Y ya que hablamos de pesca, los hay que bucean en la jurisprudencia y se ven obligados a exponer todos y cada uno de sus hallazgos, leyendo plúmbeas sentencias por la técnica del amontonamiento, mientras otros solo exponen ante el juez ese pez abisal luminoso que todos admiran y que marca la distinción.

La línea roja que no debe traspasar la lengua del letrado es el perjuicio a su cliente al que debe lealtad. Eso lleva a una reserva mental de lo que pueda perjudicarle y a mantener la boca cerrada, por si entran las avispas del atento contrario. A veces esa lealtad de defensa le lleva a negar hechos que se conocen, a esconder jurisprudencia o normas que van contra sus intereses o a desviar con su alegato el foco de atención de lo que le perjudica. Esa lealtad al cliente suele vencer todos los escrúpulos éticos en los campos civil, laboral y contencioso-administrativo, aunque el conflicto interno aflora con virulencia en los procesos penales cuando algunos penalistas conocen la culpabilidad de su cliente respecto de hechos horrendos, y el precio de su coherencia ética es renunciar discretamente a su defensa.
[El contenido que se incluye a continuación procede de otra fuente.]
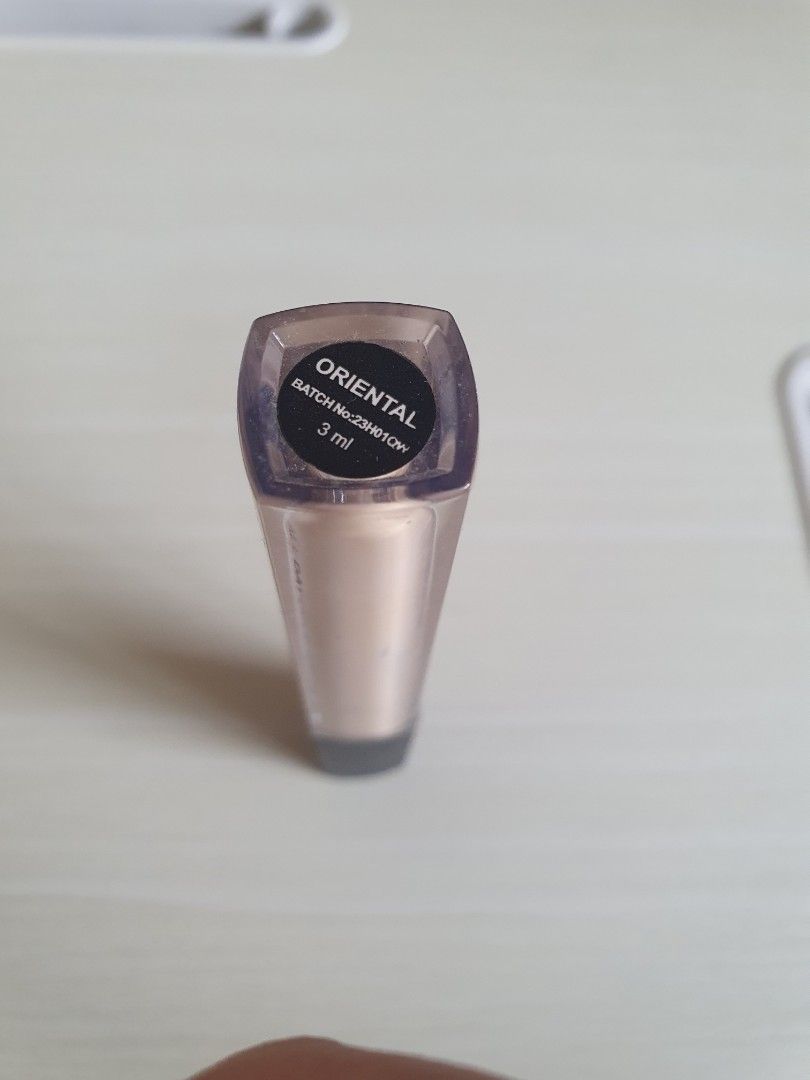 Ever Bilena Concealer with SPF22 - Oriental (Category: Makeup) located in Las Pinas. Submitted by cabinetchasu (Listing ID 1363770115, Image 3). Description: Please read before messaging 🔻⬇️🔽👇 Details: - Bought last November 2024 at Watsons SM Southmall - Only used for a wedding - RFS decluttering and cakey quality for my skin, can vary pa rin naman personal expi of this product - No box MOP Gcash, BPI, or BDO Shipping fee care of buyer Can sh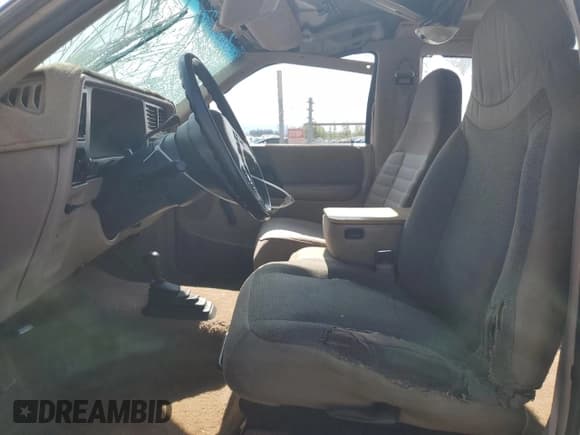 ✅ 1994 Ford Ranger Splash • VIN: 1FTCR15X5RPA55076 • Лот: 61089625. Опубликован ранее на Copart с пробегом 96 629 миль. Бесплатный доступ к архиву аукционных продаж из США и подробный отчёт об истории автомобиля на DreamBid. Изображение 7.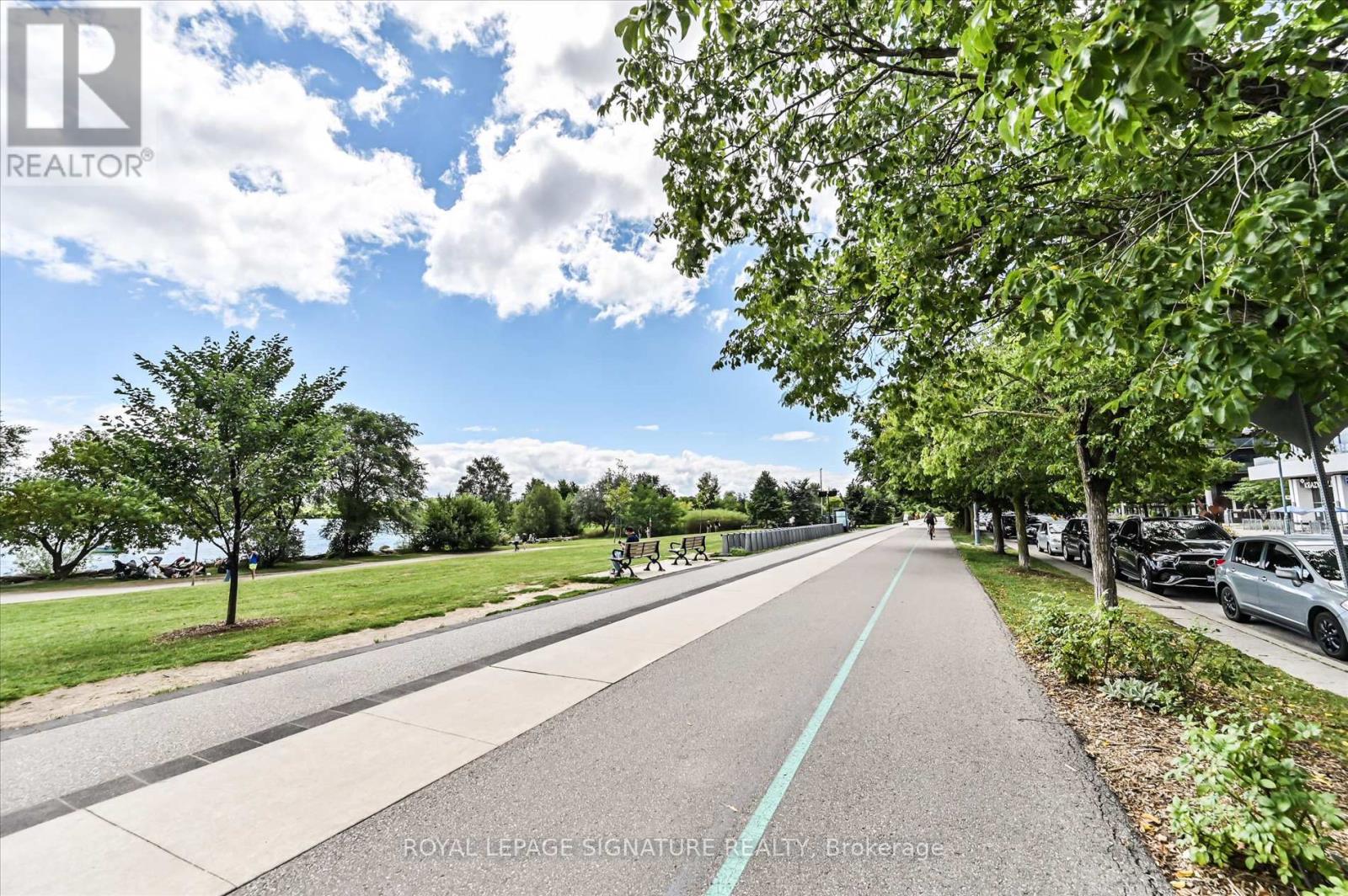 Photo 29 of 3306 38 Annie Craig Drive, Toronto ON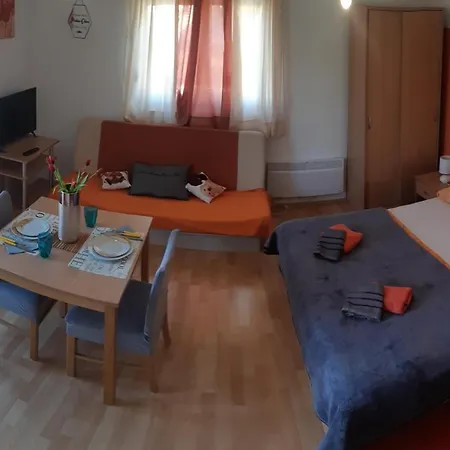 Guest house Lans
Curiosamente la fórmula estadounidense de leer los derechos al detenido advirtiéndole de que “todo lo que diga puede ser utilizado en contra suya ante un Tribunal” (acuñada desde el célebre caso Miranda, 1963) es algo que todo abogado de cualquier país civilizado debería tener presente para sí mismo al actuar ante los tribunales. En efecto, resulta muy importante reflexionar sobre lo que se dice o alega antes de ser prisionero de los excesos verbales, y sobre todo no olvidar que se puede perder un pleito según se alimenten los escritos o alegatos, tanto por hambre como por indigestión.